Saturday, November 21, 2009


It is not Halloween here, just the middle of summer back in 2004 when my sweet Sophie was only 3. Girls love to dress-up and any time is a good occasion. Not sure what Sophie is here...half ladybug, half clown maybe?

I am thankful for the Clark girls’ friendship in my daughter’s life. It has been such a joy watching them grow up together.

Wednesday, November 11, 2009


Sophia, Tanner, Jacob, Colin
Summer 2007

"You only meet your once in a lifetime friend... once in a lifetime."
~ from Little Rascals

The first time Jacob and Colin met was when Jake was 6 months and Colin 4 months. I flew to Corpus Christi to spend the weekend with Vicki. This was the first time Vicki and I would be together with our babies. We were "moms" now! I felt like a real grown-up. I think all we did the entire weekend was nurse our babies and talk.
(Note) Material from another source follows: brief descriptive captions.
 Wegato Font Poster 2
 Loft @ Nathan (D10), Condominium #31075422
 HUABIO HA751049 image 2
Not the way it is when we get together now. With 7 children between us, talking doesn't exactly happen. We have to yell to be heard over the chaos around us. Colin and Tanner are like brothers to Jacob. He would rather be with those boys than any other person on earth.

Sunday, November 8, 2009

My Life

There are rarely pictures of only me. How could there be when I am the one with the camera adorning my neck like a piece of jewelry. So during our spring break camp out Jacob stole the camera while I was enjoying God’s creation and a great book. He took dozens of pictures and shot this one of me. It is not cropped or edited….hmm, I may have a little photographer on my hands.
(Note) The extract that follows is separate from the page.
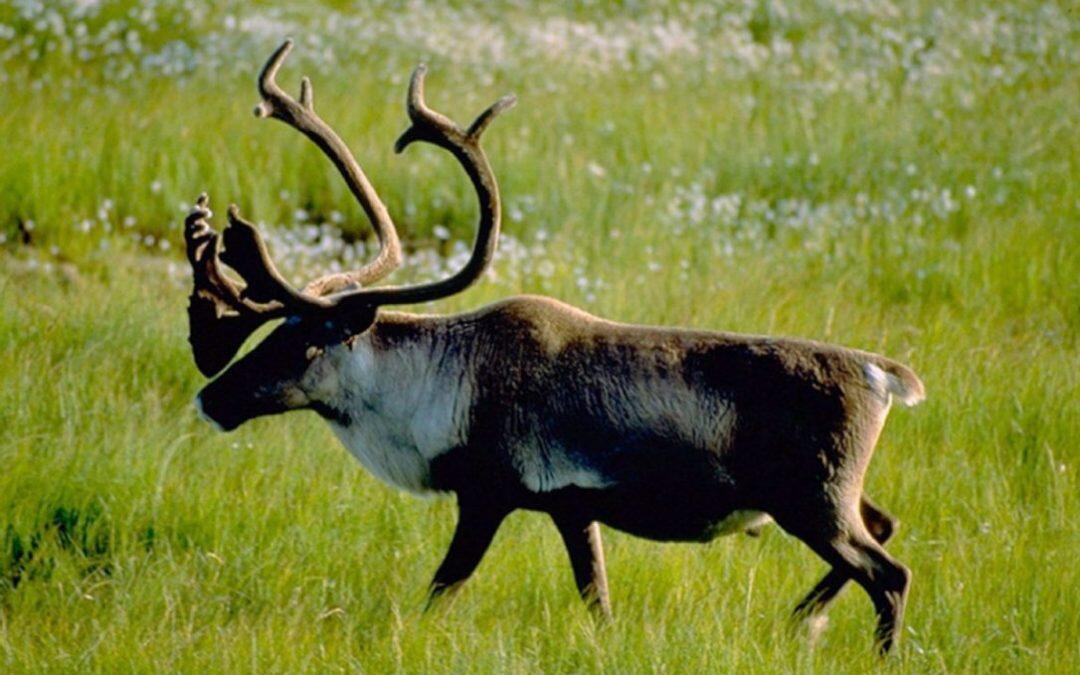 L’exploitation forestière a eu lieu dans l’habitat du caribou protégé au Canada, selon les groupes environnementaux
Every day there is something I want to blog about, a great accomplishment of someone in our family, a cute picture of one of my beautiful children, a fun family camping trip we took, a deep thought or conviction I want to share, our chicken mummy (Yes, we really made one.), but many other things end up taking priority over my blog. You know, all the jobs of wife, mommy, homemaker, and teacher; the dishes, laundry, homeschooling, cleaning, cooking, grocery shopping, carpooling, drying of tears, wiping of noses (and bottoms), being referee, etc., etc., etc. And then making the time for all the sweet things, like taking a walk, going to the park, having a picnic, making a garden, playing with play-do, coloring a picture, or teaching Sophie one of the many handicrafts she is begging me to learn.
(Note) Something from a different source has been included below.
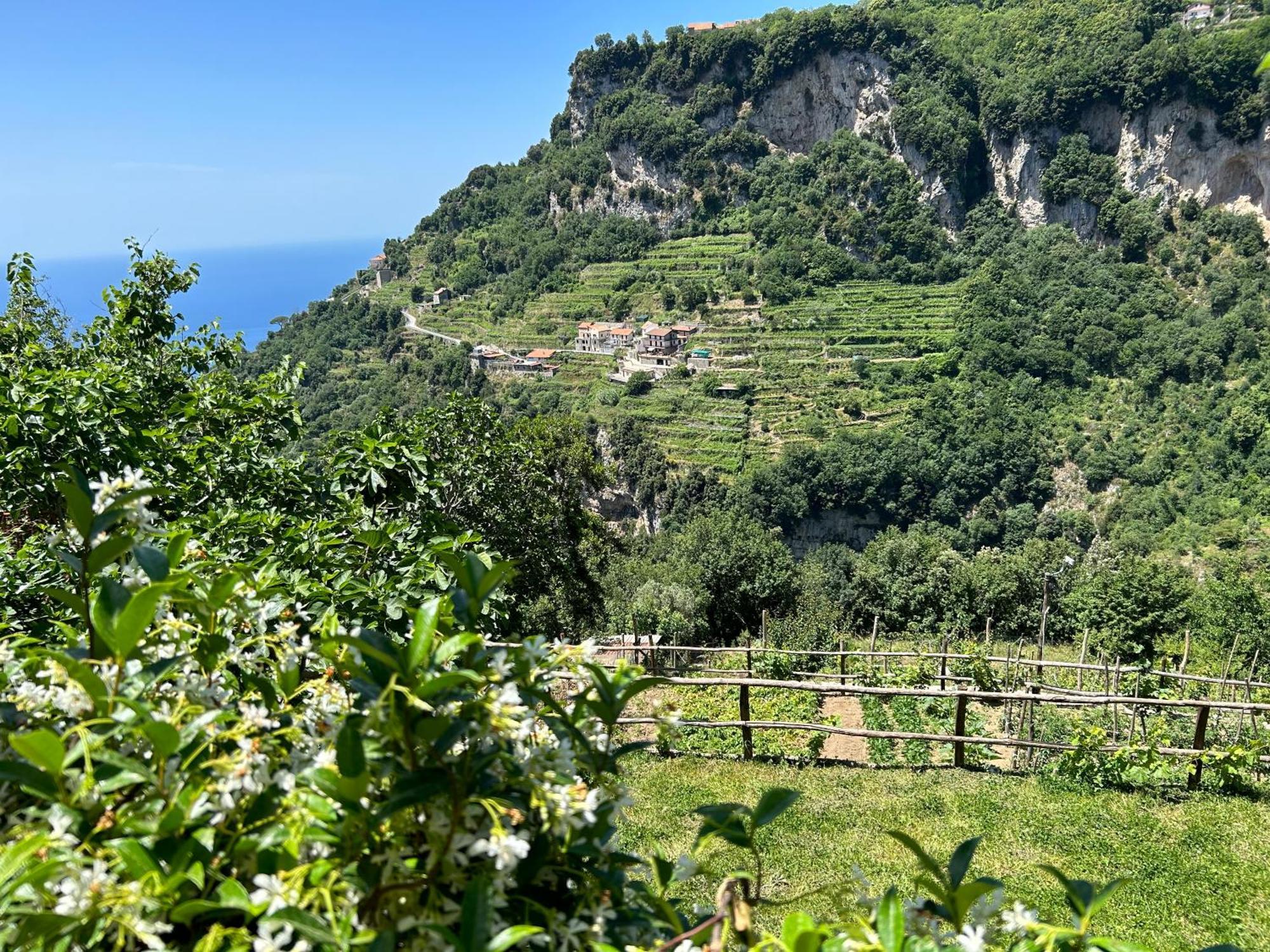 Orrido Di Pino Alojamento de Turismo Rural *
This may sound exhausting on paper, but I love it! I want to be available for all of the little teachable moments. The internet, e-mail, blog, telephone, or even a good book can so easily distract me from my biggest job and most important people whom God has so graciously blessed me with. I can’t handle regrets very well. I do not want the regret, in fifteen years when my kids are grown, that I was just too busy with my own agenda to truly enjoy them, to savor every minute I have with them. Yes, I always appreciate a date night with Ed or my monthly book club with friends. But I have found, since I started homeschooling two and a half years ago, the more I am home and with my kids, the less I desire “me” time or time away from them. They drive me crazy on a daily basis. But I’ve grown to enjoy my crazy life, my crazy kids, and my crazy family. The day will come when I have time to sit at my computer and share our life with many of you. In the meantime, continue to enjoy my sporadic postings.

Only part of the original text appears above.